Task requirements: Every line of the entries with the word "male" in it should be shown.

Records shown:
++++++++++++++++++++

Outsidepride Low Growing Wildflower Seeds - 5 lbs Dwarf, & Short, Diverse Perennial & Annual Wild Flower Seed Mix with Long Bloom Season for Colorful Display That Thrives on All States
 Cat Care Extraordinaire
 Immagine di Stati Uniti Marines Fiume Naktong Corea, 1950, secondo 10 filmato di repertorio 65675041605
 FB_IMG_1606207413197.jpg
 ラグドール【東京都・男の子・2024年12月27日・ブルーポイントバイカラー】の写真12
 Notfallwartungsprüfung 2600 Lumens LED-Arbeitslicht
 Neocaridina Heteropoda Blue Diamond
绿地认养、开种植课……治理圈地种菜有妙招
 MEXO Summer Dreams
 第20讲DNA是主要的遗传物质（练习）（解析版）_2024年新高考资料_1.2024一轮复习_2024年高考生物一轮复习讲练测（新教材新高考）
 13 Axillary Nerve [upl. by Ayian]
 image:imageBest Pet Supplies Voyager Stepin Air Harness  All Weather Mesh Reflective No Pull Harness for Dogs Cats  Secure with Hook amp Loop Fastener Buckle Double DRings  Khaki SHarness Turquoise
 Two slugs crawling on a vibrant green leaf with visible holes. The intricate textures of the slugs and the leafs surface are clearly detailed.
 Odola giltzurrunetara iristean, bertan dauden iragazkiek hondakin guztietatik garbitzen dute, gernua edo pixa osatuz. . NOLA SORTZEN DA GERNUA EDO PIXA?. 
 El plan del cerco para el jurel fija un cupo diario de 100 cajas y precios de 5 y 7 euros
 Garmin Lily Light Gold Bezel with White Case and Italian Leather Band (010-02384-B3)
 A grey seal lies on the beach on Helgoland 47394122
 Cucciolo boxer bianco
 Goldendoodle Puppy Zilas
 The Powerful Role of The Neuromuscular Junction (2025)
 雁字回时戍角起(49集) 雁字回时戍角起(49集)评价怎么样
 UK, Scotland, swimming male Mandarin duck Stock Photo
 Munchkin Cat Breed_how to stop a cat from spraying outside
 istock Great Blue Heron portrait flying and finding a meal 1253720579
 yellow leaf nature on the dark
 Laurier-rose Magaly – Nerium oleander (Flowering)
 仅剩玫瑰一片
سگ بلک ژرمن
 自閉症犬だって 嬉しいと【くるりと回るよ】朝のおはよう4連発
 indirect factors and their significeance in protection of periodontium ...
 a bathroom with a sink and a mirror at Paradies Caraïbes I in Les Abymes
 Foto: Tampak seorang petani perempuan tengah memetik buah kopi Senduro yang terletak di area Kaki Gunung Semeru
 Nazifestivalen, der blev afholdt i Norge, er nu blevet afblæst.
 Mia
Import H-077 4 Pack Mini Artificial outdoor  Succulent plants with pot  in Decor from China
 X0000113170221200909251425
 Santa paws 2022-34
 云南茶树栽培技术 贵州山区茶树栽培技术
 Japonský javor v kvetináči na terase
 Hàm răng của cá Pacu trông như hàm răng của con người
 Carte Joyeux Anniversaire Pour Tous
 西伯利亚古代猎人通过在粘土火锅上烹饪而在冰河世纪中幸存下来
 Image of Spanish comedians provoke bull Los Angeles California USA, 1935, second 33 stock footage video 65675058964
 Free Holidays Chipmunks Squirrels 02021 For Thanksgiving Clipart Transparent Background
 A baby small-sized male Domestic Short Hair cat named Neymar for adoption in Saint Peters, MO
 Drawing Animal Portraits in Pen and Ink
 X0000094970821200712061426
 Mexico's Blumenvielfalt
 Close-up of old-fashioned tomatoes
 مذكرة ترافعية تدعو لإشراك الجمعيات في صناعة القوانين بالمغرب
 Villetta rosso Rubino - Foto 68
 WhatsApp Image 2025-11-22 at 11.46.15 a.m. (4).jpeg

++++++++++++++++++++

Output of the task:
 UK, Scotland, swimming male Mandarin duck Stock Photo
 A baby small-sized male Domestic Short Hair cat named Neymar for adoption in Saint Peters, MO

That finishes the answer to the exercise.